_Records for this task_.
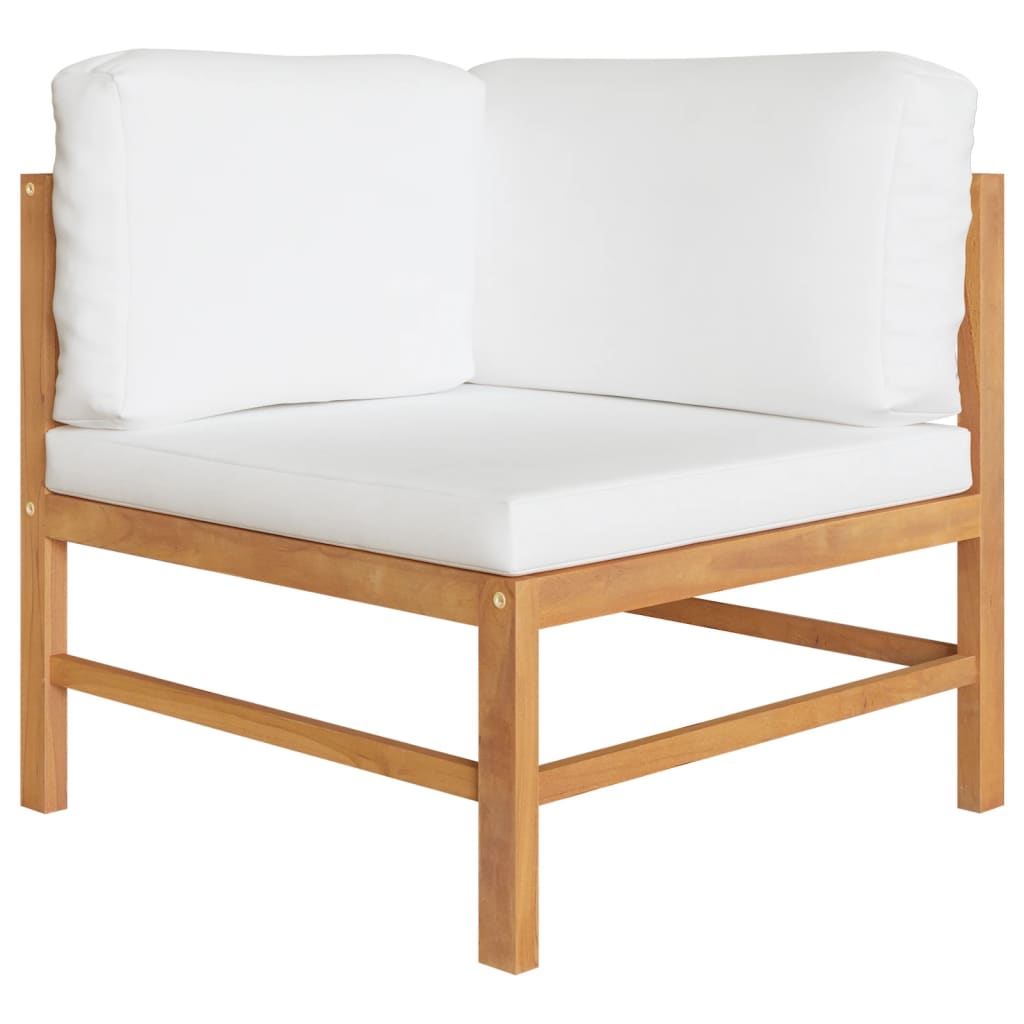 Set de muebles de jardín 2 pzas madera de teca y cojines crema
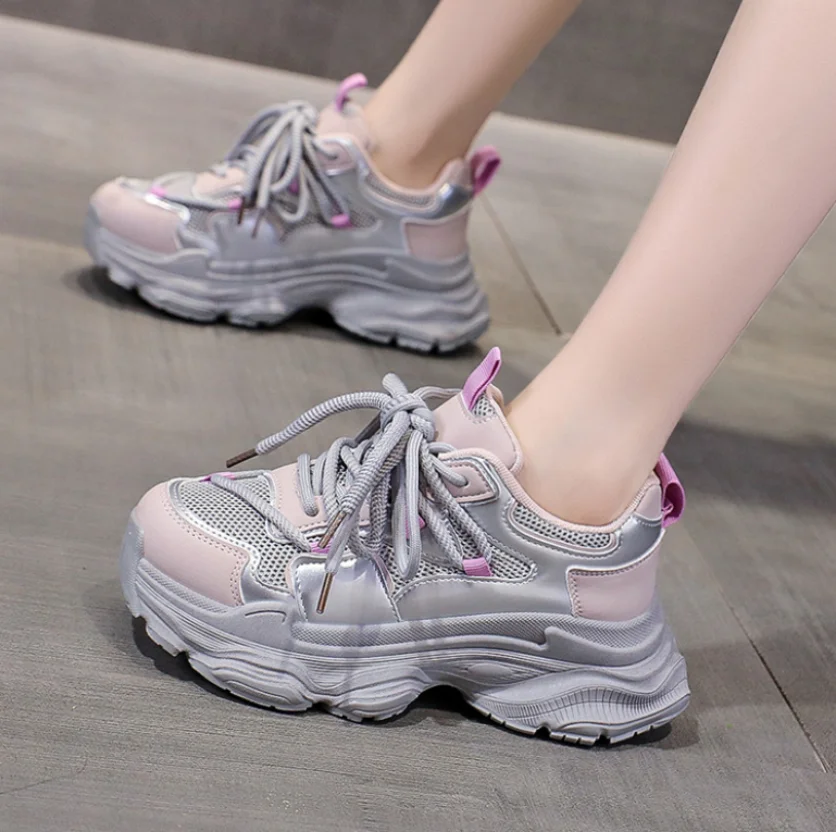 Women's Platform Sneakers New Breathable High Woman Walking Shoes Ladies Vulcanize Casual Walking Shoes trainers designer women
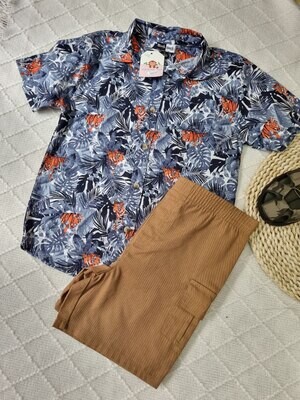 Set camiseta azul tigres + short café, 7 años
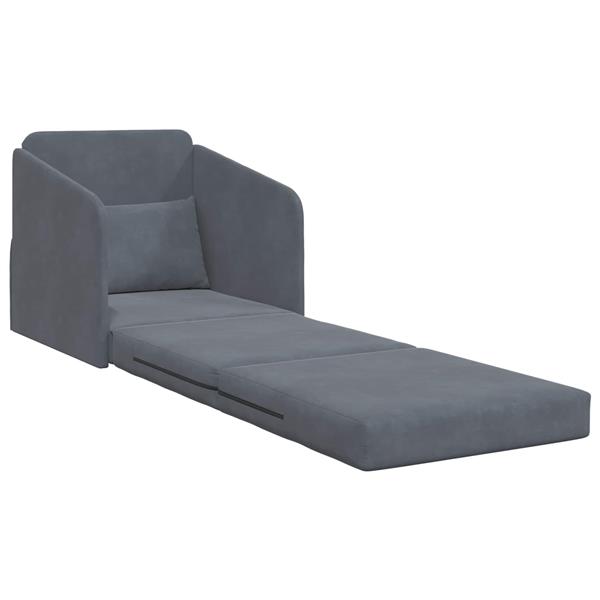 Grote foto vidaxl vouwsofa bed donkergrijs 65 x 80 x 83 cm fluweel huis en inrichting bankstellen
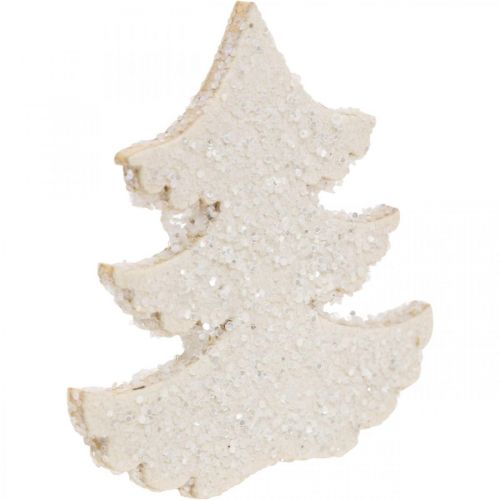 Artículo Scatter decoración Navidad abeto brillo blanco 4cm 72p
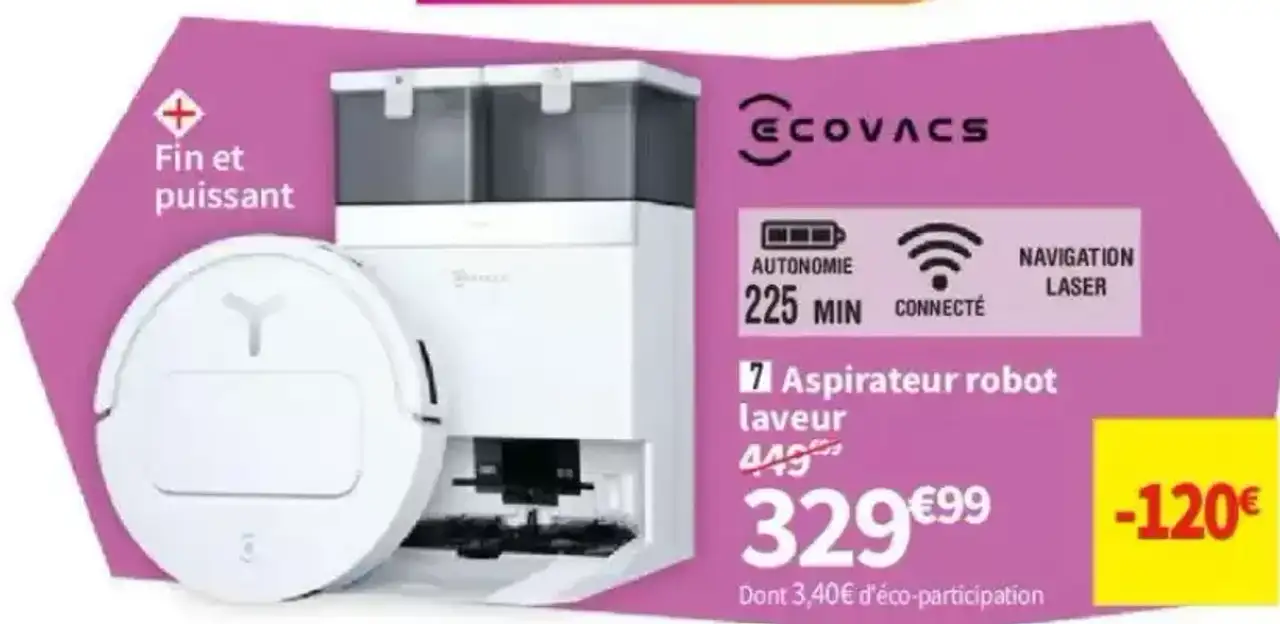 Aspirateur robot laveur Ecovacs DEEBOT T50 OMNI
==
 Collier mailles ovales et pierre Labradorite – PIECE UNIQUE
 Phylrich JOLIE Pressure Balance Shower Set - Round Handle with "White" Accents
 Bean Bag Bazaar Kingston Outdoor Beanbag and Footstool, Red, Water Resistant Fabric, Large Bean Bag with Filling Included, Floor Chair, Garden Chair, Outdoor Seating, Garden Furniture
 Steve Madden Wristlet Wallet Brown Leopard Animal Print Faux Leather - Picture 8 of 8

_Exercise prompt_. Write out every line from the entries where "with" appears.

_Answer to this exercise_.
 Phylrich JOLIE Pressure Balance Shower Set - Round Handle with "White" Accents
 Bean Bag Bazaar Kingston Outdoor Beanbag and Footstool, Red, Water Resistant Fabric, Large Bean Bag with Filling Included, Floor Chair, Garden Chair, Outdoor Seating, Garden Furniture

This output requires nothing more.